Especialistas em Psicologia de Trânsito explicam fatores que contribuem para comportamentos violentos ao volante

“Não foi um momento de fúria. É um comportamento inadequado recorrente de uma pessoa perigosa no trânsito”. A psicóloga especialista em Trânsito e presidente da ACTRANS-MG, Adalgisa Lopes, explica que as informações divulgadas na imprensa sobre Igor Ferreira Sauceda, de 27 anos, que matou o motociclista Pedro Kaique Ventura Figueiredo após uma discussão de trânsito, sugerem que o comportamento do motorista do Porsche pode indicar um desvio de personalidade. “Não é só uma questão mental, também podemos pensar num desvio de personalidade, numa perversão na qual a pessoa cria as próprias regras e tem um certo prazer em fazer mal, se acha extremamente superior ao outro pelo carro que tem ou pela posição que ocupa”, detalha.

Adalgisa Lopes destaca que Igor também demonstrou ter uma falha significativa no que é conhecido como controle inibitório. Este controle é uma função executiva do cérebro, localizada no córtex pré-frontal, responsável por regular comportamentos impulsivos e reações emocionais. Segundo a psicóloga, “o controle inibitório é essencial para evitar reações desproporcionais em situações de estresse e raiva. No caso de Igor, essa função parece ter falhado, levando-o a uma ação impulsiva e fatal”, explica.

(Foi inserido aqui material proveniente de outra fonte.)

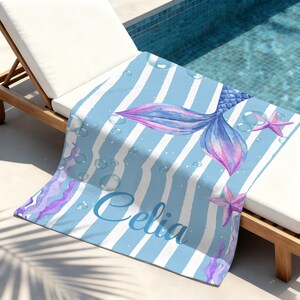 May include: A blue and white striped beach towel featuring a watercolor mermaid tail in shades of blue and purple. The towel includes the name "Celia" in script and starfish accents.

Falta de limites e educação
Adalgisa Lopes explica que o controle inibitório é construído ao longo da vida, com o amadurecimento do córtex cerebral, mas revela que há influência da educação e do ambiente familiar no desenvolvimento desse controle. Ela observa que muitos jovens, como Igor, podem ter sido criados em ambientes permissivos, onde os desejos são prontamente atendidos e os limites não são claramente estabelecidos. “Os pais têm um papel crucial na formação do comportamento social e emocional dos filhos. A falta de limites e a satisfação imediata dos desejos podem resultar em um baixo limiar de frustração”, detalha.

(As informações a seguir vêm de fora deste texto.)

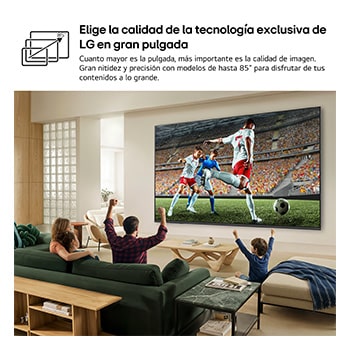 LG QNED evo AI QNED82 Mini LED Ultra Big TV shows an intense, large-scale soccer play with refined picture quality and vivid colors as a family cheers together from sofas in a living room.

A psicóloga especialista em Trânsito e diretora da ACTRANS-MG, Giovanna Varoni, lembra que motoristas de carros potentes muitas vezes experimentam uma sensação de poder e invulnerabilidade ao volante. “Essa percepção pode levar a uma condução mais agressiva e arriscada. O caso em questão é um exemplo extremo de como a agressividade e a sensação de superioridade no trânsito podem resultar em tragédias”, afirma.

Adalgisa lembra de outro caso recente do motorista de Porsche que matou o motorista do Uber após dirigir embriagado e em alta velocidade e foi retirado da cena do crime pela própria mãe. “Esses casos refletem uma permissividade parental que pode contribuir para comportamentos irresponsáveis e perigosos no trânsito,” observa.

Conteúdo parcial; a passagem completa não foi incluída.